This keeps the scope minimal and directly addresses the observed 1.35.0 failure mode.

neeraj542 · 2026-03-19T06:01:16Z

Hi @andreyvelich, could you pls review this PR again?
If it looks good, I’d appreciate your help to move it toward merge. Thanks!

astefanutti · 2026-03-19T08:51:54Z

/ok-to-test

neeraj542 · 2026-03-19T14:31:43Z

Hi @astefanutti, thanks for taking a look.
CI is now green for the notebooks E2E (including 1.35.0) and the PR is ready for your final review/approval, could you pls reply with your review//approve?

xikronz · 2026-03-20T03:30:32Z

hi @neeraj542, thanks for the PR #3366. I pulled the same root-cause from the failing notebook artifacts earlier yesterday for the Runtime Error and the subsequent dist.barrier() errors are a cascade from the rank crash.
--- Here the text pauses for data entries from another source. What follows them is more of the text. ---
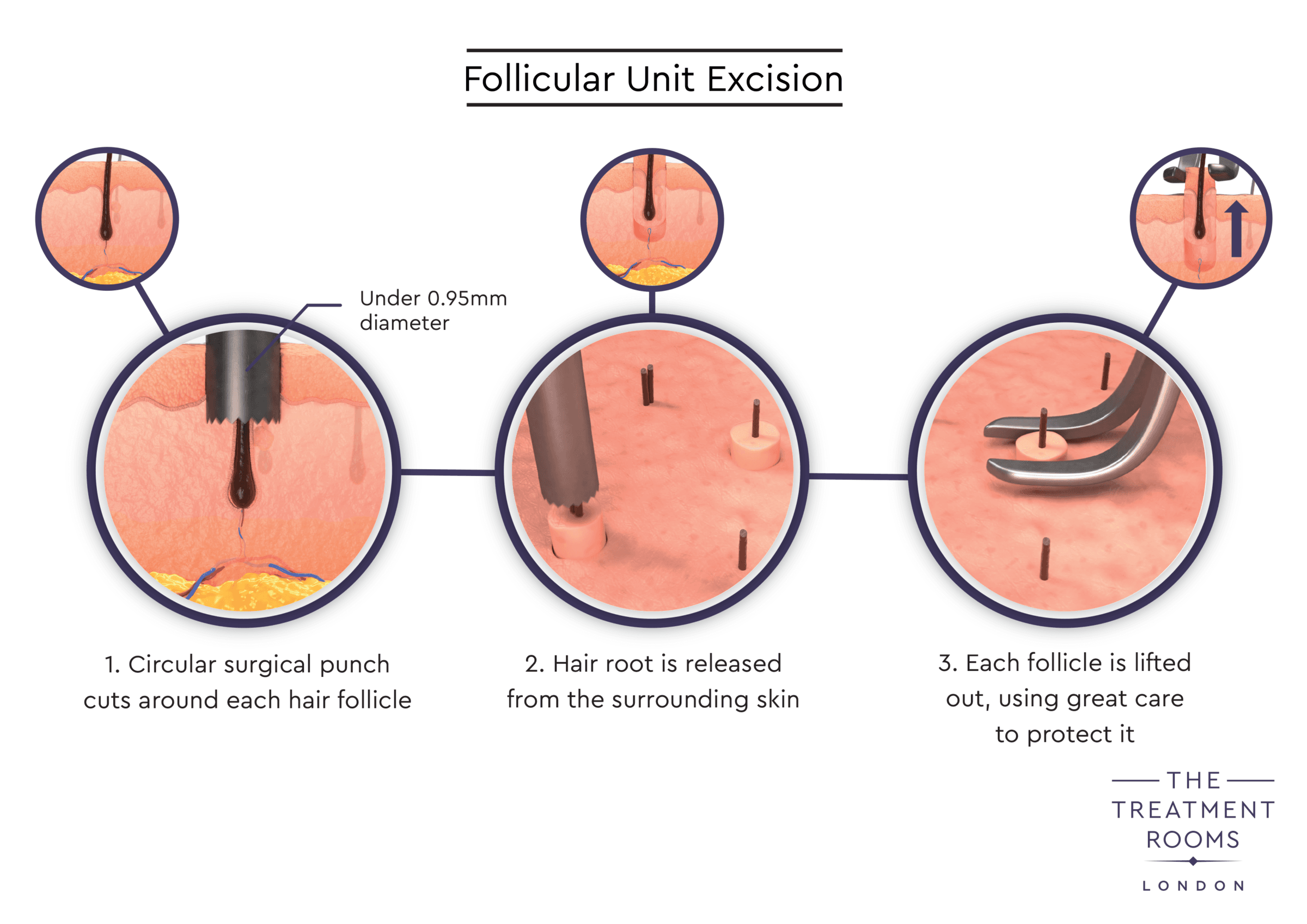 01 TR Extraction v04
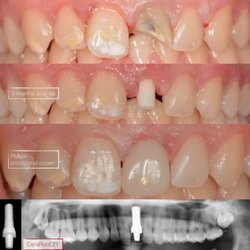 CeraRoot Zirconia Implants - Holistic Dentistry - The central incisor was in bad condition. The patient didn't want metal titanium implant. We're able to do this with no trauma to the gum.
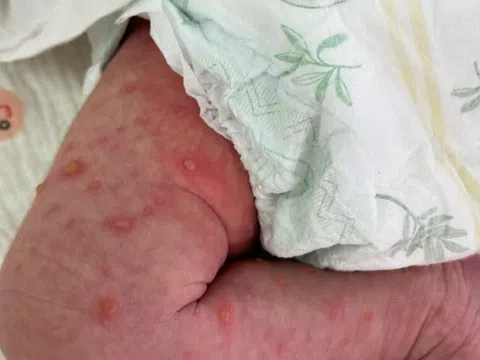 Bé sơ sinh nổi mụn nước toàn thân vì lây từ mẹ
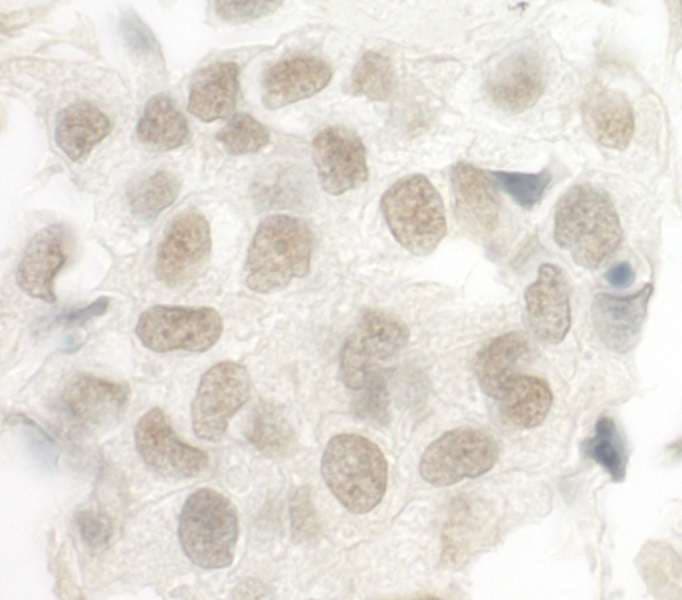 Polyclonal Rabbit anti-Human FOXP1 Antibody (aa627-677, IHC)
One remaining hardening I think is still relevant: the download guard is currently if local_rank == 0:. In this container backend, that may not be equivalent to “exactly one container downloads” when num_nodes > 1. A safer follow-up would be to gate downloads on dist.get_rank() == 0 (global rank) to avoid concurrent writes to the same ./data path.

jiayuzhao05

If this solution is to reduce the random failures of these specific notebooks on CI, I don't think there is a problem. If it is to systematically fix the flaky problem of notebook e2e, I don't think it has been fundamentally solved, because the same timeout=20 notebooks are not all updated uniformly.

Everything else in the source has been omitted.